His playing of the partita tended to the pristine, yet some details--an inner crescendo here, a hesitation there--betrayed the individuality of this resourceful young virtuoso. But certain bold strokes, as, for instance, in a very aggressive second Menuet, strengthened the bond between composer and interpreter.

As confirmed in Beethoven’s rarely heard Sonata (“quasi una fantasia”) in E-flat, Opus 27, No. 1, and in Liszt’s “La Lugubre Gondola” No. 2, Zimerman is a personality who can, when so motivated, submerge himself in a style, and produce integrated, solid and unassailable performances. The sibling work to the familiar “Moonlight” Sonata poses special musical and technical problems that few have solved; Zimerman simply articulated the songfulness in the piece, related all its parts to each other, and presented to his listeners an eloquent statement.

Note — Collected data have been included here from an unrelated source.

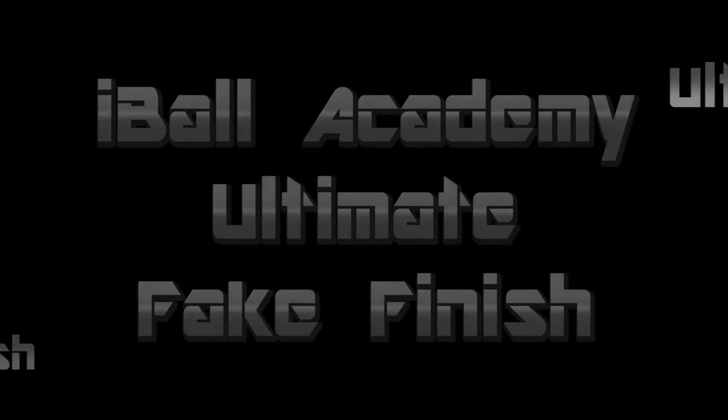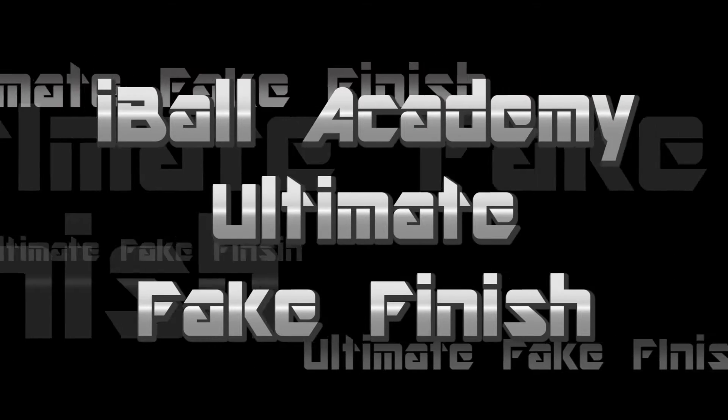Welcome, my name is Merritt and I am the lead trainer at Eyeball Academy. Let's get to it. In this video you'll be able to master the Eyeball Academy ultimate fake pass layer.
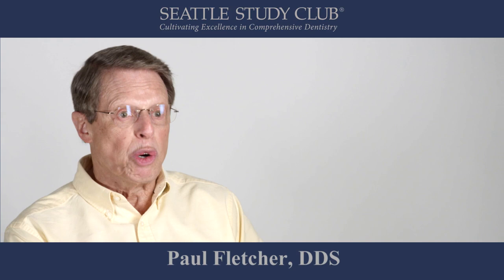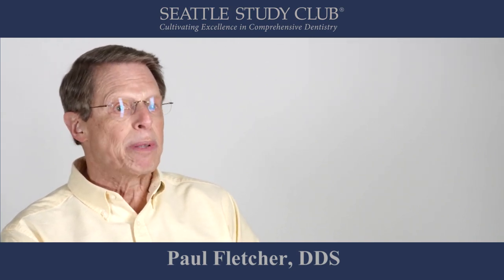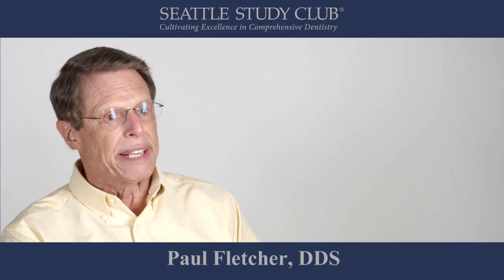My name is Paul Fletcher. I'm a periodontist and a member of Specialized Dentistry of New York. I'd like to discuss the importance of decontaminating the undersurface of an implant restoration as well as a screw access opening.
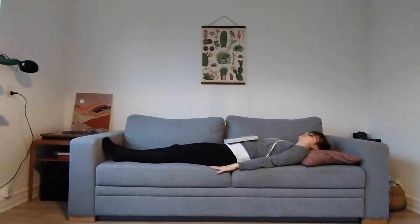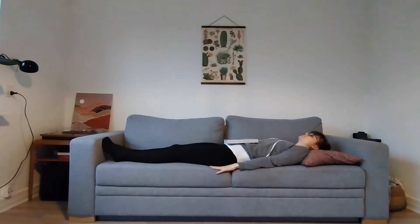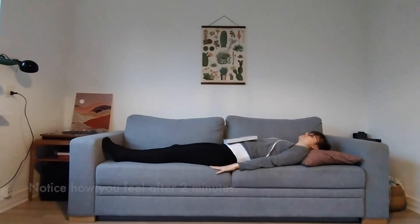Continue this exercise for one to two minutes and then see how you feel. After two minutes of lying on your back: breathing in, expanding your belly, feeling the book rise, breathing out, contracting your belly, feeling the book drop.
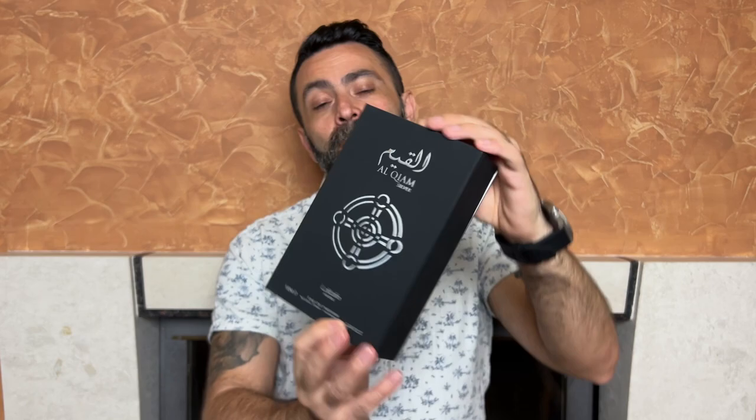The Latafa Alkyam Silver. I received this fragrance about three weeks ago. I've gone through my testing and in this video I'm going to tell you my honest opinion on whether the Alkyam Silver is worth checking out.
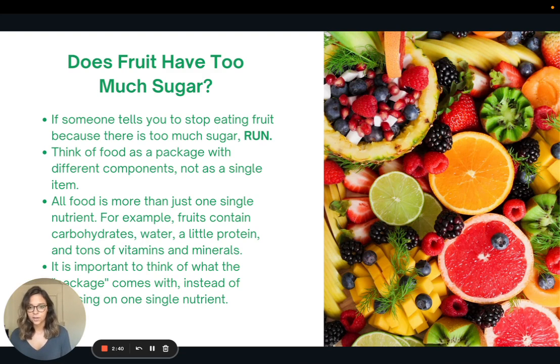Does fruit have too much sugar? You might see things on the internet saying don't eat that banana — that's what's causing you to gain weight. If someone tells you to stop eating fruit because there's too much sugar, I want you to turn around and run the other direction. Fruit is one of those amazing foods we should incorporate. Some people do better with more fruit, some with less — it is a personalization thing. There's no one size fits all, but we shouldn't make a blanket statement and say stop eating fruit.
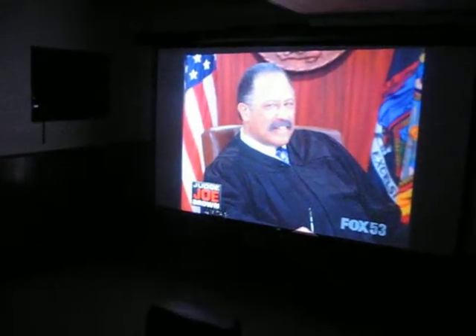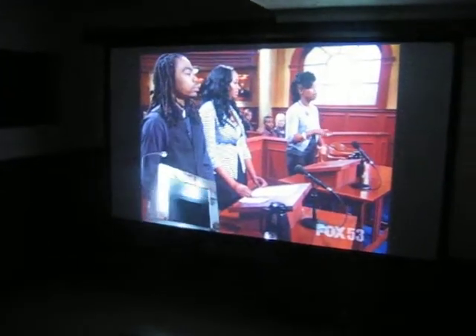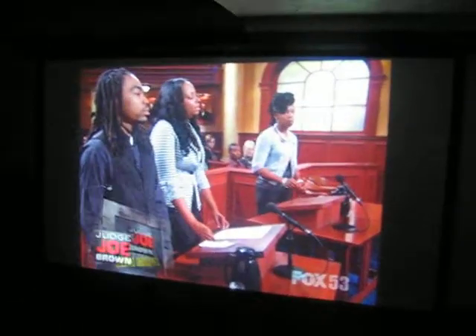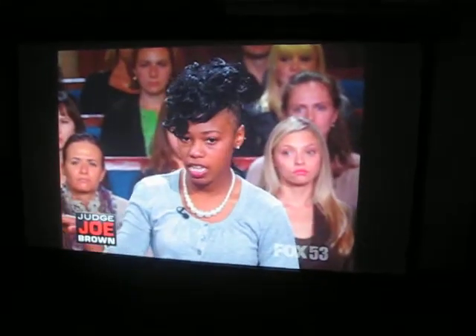Hi, this is Projector Dude. This is the Epson EMP830. This is HD cable. This is 720p.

As revealed in his unflappable resuscitation of Szymanowski’s stupendously difficult Variations on a Polish Folk Theme, Opus 10, Zimerman commands all the varieties of touches, physical stamina, speed and accuracy to make this Rachmaninovian fingerbuster seem effortlessly musical.

Finally, and by way of encore, the sandy-haired pianist, who behaves on the stage in the most unassuming manner, conquered his large and approving audience with the quiet turbulence of Mozart’s D-minor Fantasy, K. 397. Without any self-dramatizing, and within prescribed bounds of style and dynamics, Zimerman gave this enigmatic masterpiece its full voice. It was perfectly appropriate that he conclude the evening at that point.